Task prompt = Copy every entry below exactly as it appears, leaving out the images.

___ Exercise data

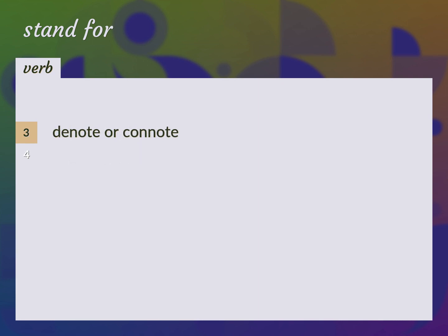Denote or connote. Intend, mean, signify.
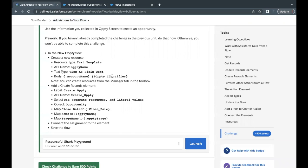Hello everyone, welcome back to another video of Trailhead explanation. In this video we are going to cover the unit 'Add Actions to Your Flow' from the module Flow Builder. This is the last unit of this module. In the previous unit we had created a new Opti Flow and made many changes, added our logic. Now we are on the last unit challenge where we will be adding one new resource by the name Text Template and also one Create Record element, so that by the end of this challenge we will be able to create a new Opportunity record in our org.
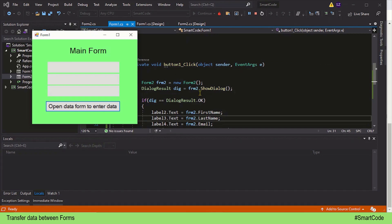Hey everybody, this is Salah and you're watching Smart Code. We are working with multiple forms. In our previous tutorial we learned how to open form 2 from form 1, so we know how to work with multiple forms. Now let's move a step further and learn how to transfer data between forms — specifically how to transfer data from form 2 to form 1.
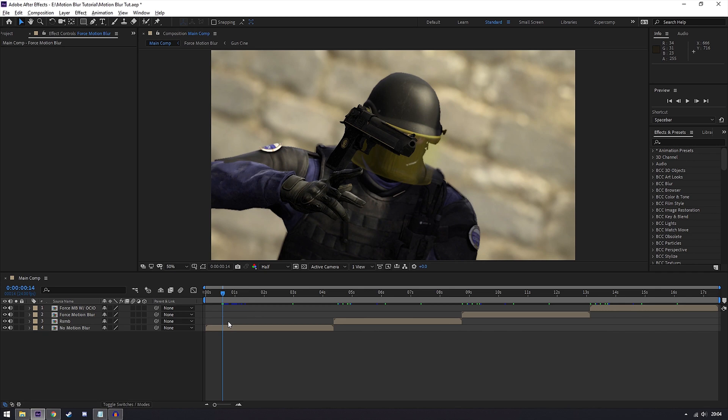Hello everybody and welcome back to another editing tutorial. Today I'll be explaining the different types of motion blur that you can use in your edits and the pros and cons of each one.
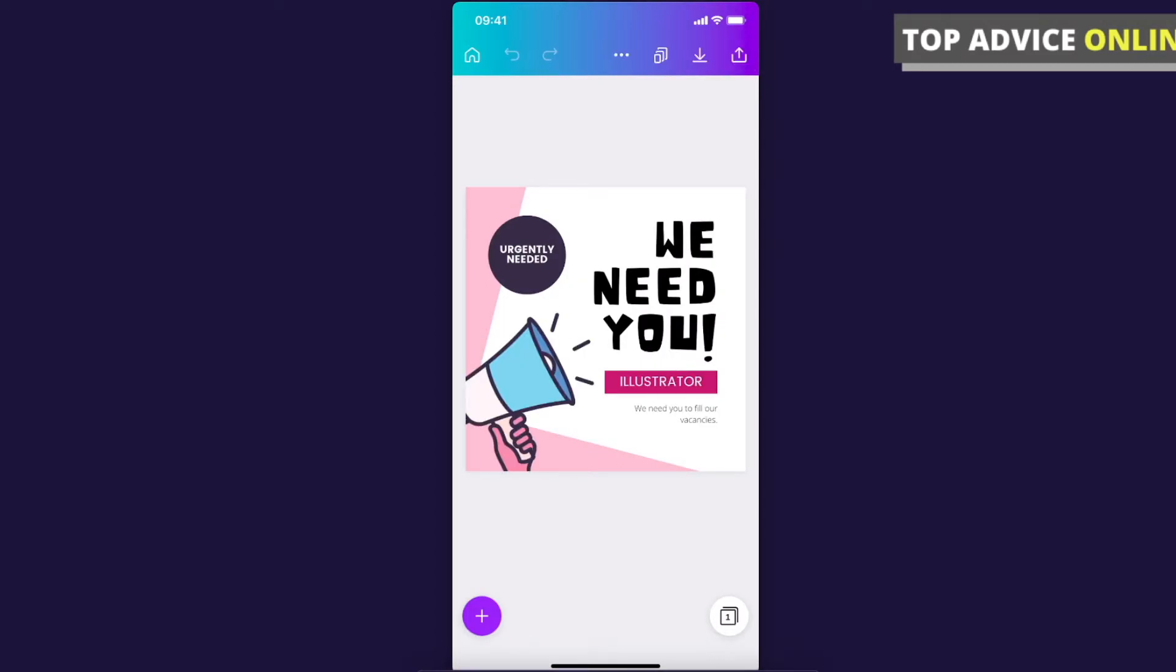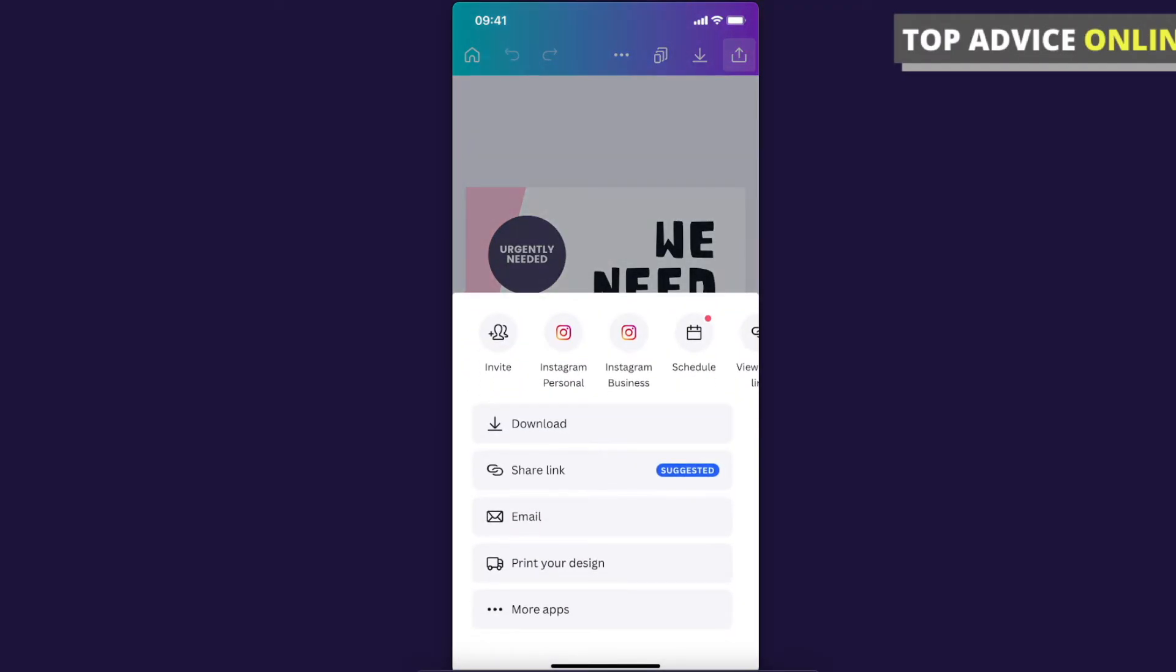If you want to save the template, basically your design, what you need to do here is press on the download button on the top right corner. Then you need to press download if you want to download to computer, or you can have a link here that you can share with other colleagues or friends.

______

Your response =
Denote or connote. Intend, mean, signify.
Hello everyone, welcome back to another video of Trailhead explanation. In this video we are going to cover the unit 'Add Actions to Your Flow' from the module Flow Builder. This is the last unit of this module. In the previous unit we had created a new Opti Flow and made many changes, added our logic. Now we are on the last unit challenge where we will be adding one new resource by the name Text Template and also one Create Record element, so that by the end of this challenge we will be able to create a new Opportunity record in our org.
Hey everybody, this is Salah and you're watching Smart Code. We are working with multiple forms. In our previous tutorial we learned how to open form 2 from form 1, so we know how to work with multiple forms. Now let's move a step further and learn how to transfer data between forms — specifically how to transfer data from form 2 to form 1.
Hello everybody and welcome back to another editing tutorial. Today I'll be explaining the different types of motion blur that you can use in your edits and the pros and cons of each one.
If you want to save the template, basically your design, what you need to do here is press on the download button on the top right corner. Then you need to press download if you want to download to computer, or you can have a link here that you can share with other colleagues or friends.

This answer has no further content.